Thursday, April 29, 2010

Game 21 WPA Chart

I wasn't able to watch much of the game, but I did find the time to look at the play by play and put together this kickass WPA chart.

Some thoughts:
  • How about that Robinson Cano fellow? Two homers, a double, three runs scored and a slick defensive play. He's now hitting .407/a billion/infinity. M-V-P, M-V-P, M-V-P... What? Too soon?

  • My prediction for A.J. Burnett's line was, um, considerably off. He put together another fantastic start (8 shutout innings) and once again stayed away from the three true outcomes (4K, 1BB, 0HR). He only allowed three hits to boot. As many baserunners as strikeouts? Dominance.

  • Marcus Thames continues to rake, tallying up a 3-4 performance and bumping his average up to .588. You're making it very difficult for me to bitch about your shitty defense, Mr. Thames.

  • Frankie Cervelli notched a base hit and has now reached safely in every game he's batted in this year.

  • Although it wasn't a save situation, Mo pitched the 9th. He walked Matt Weiters and struck out Miguel Tejada en route to a scoreless frame.

  • After picking up two hits last night, Curtis Granderson got back on the suck wagon with an 0-5. He's now 2 for his last 27.

  • That's a salvaged 5-4 road trip for the Yanks, making it 6 out of 7 series victories on the season.
That's all I got.
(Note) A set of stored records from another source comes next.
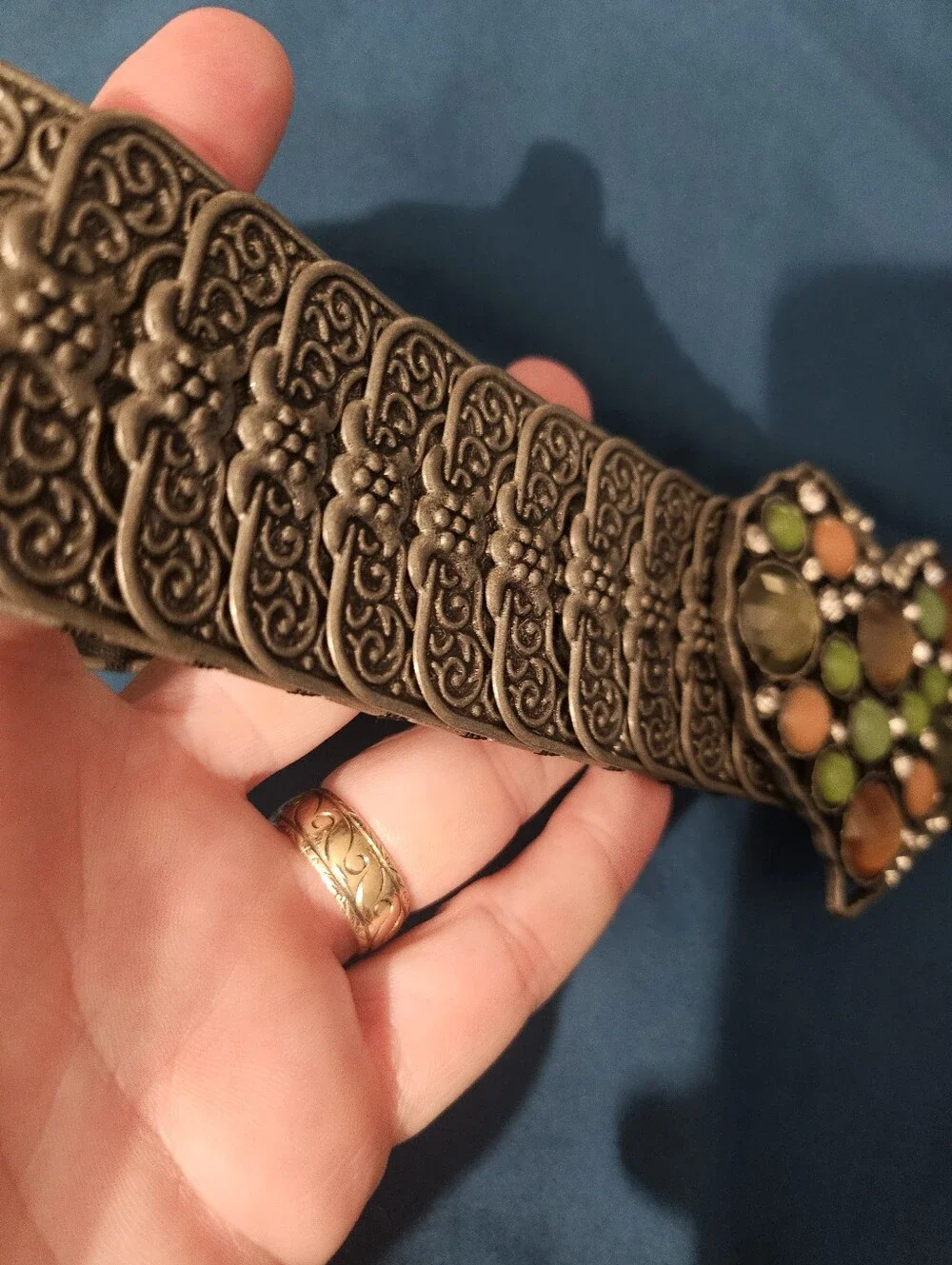 Vintage 80's Pewter Tone Emboss Stretch Fishscale Belt Jewel Buckle Boho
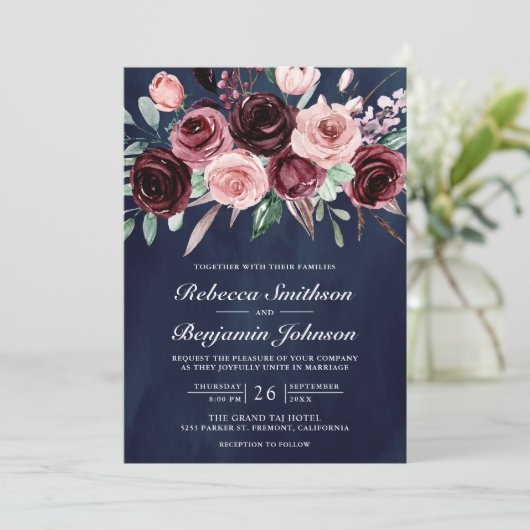 Dusty Pink Burgundy Floral QR Code Navy Hochzeit Einladung (Stehend Vorderseite)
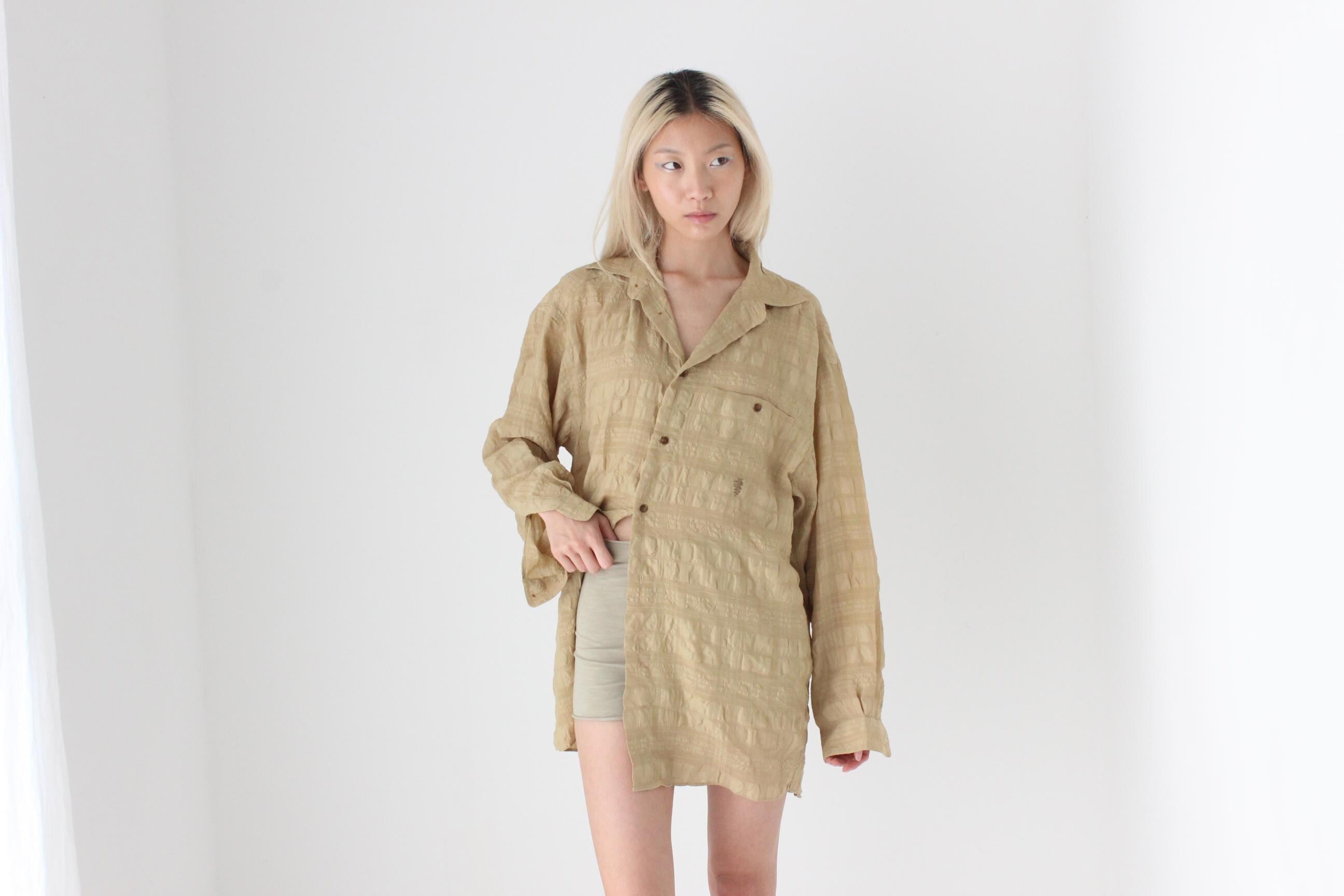 FUTURISM 90s XXL Textural Button Up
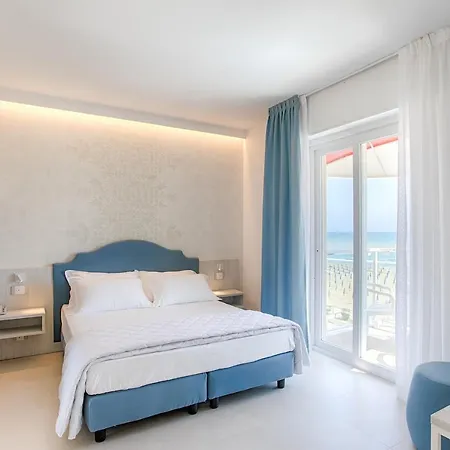 Mirafiori Hotell 3*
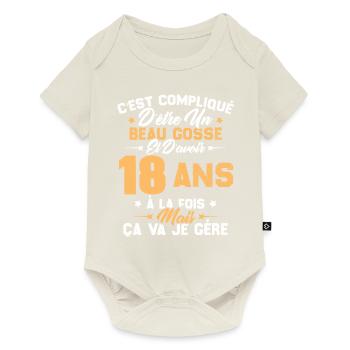 Cadeau d'anniversaire Beau gosse et d'avoir 18 ans - Body à manches courtes Premium Bébé - blanc cassé - Devant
Feel free to chip in any details I may have glossed over in the comments.

Game 21: Baltimore Todolo

As it stands, the Yankees are 4-4 on their current road trip. They went 3-3 during the West Coast swing, split the first two in the Charm City and will determine if the journey was a winning or losing one based on what happens tonight.

Brain Matusz takes the mound for the Orioles. Selected with the fourth overall pick in the 2008 draft, the 23 year old left hander made his major league debut last year. He faced the Yankees once last September, dominating them in Yankee Stadium to the tune of seven one run innings.
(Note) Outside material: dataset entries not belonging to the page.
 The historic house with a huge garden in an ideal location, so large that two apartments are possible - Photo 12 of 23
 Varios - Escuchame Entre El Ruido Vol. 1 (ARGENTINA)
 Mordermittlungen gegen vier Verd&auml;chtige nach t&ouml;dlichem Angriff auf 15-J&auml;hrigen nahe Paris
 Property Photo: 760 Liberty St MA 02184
This season, he's pitched in four games and has lasted about six innings and given up three runs in each (give or take a frame or a run) giving him an ERA of 4.38. He's struck out more than one batter per inning and allowed just one home run, so his FIP is a run and a half lower than his ERA.
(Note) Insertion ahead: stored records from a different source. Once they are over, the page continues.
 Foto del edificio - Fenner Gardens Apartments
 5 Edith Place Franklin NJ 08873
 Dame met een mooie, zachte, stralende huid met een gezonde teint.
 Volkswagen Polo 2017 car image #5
Matusz isn't overpowering. He throws around 60% fastballs, distributed about equally between his four-seamer and two-seamer, both of which come in around 90mph. His two-seamer rides inside to left handers and away from righties while his four seamer is straighter with a bit of sink. About one out of every 5 pitches is a changeup (in the 83mph area) while one of every 10 is a curveball (about 78mph).

A.J. Burnett gets the call for the Yankees today. Burnett has only allowed one home run so far this year, made possible by a rock bottom HR/FB ratio of 3.8%, compared to his career rate of 10.1%. The other two true outcomes have also come less frequently for A.J. in 2010 as he's walked just 2.8 batters per 9 innings and struck out only 5.7. The only thing he seems to be doing more of than usual is giving up hits (9.9/9IP compared to 7.9).

I'm not one for predictions, but it seems like Burnett is due for a regression-to-the-mean type start. If we went something like 6 innings, gave up two home runs, 4 hits, walked 4 and struck out 8, that would probably do the trick. Hopefully the offense will be there to pick him up.

[Song Notes: The original composition was done by prominent ragtime musician and Baltimore native Eubie Blake all the way back in 1909. The style of piano playing featured in the piece eventually came to be known as "stride", and Eubie was one of the innovators of the technique. Blake was born and raised in Baltimore, but he moved to New York once his career began to take off and lived there until he passed away in Brooklyn at the age of 96. Blake enrolled in NYU when he was in his mid-60's and graduated in 2 1/2 years, frequently appeared on Johnny Carson's and Merv Griffin's shows, was the musical guest on Saturday Night Live, was awarded the Presidential Medal of Freedom by Ronald Regan and had his music and life story adapted into a Broadway show bearing his name.]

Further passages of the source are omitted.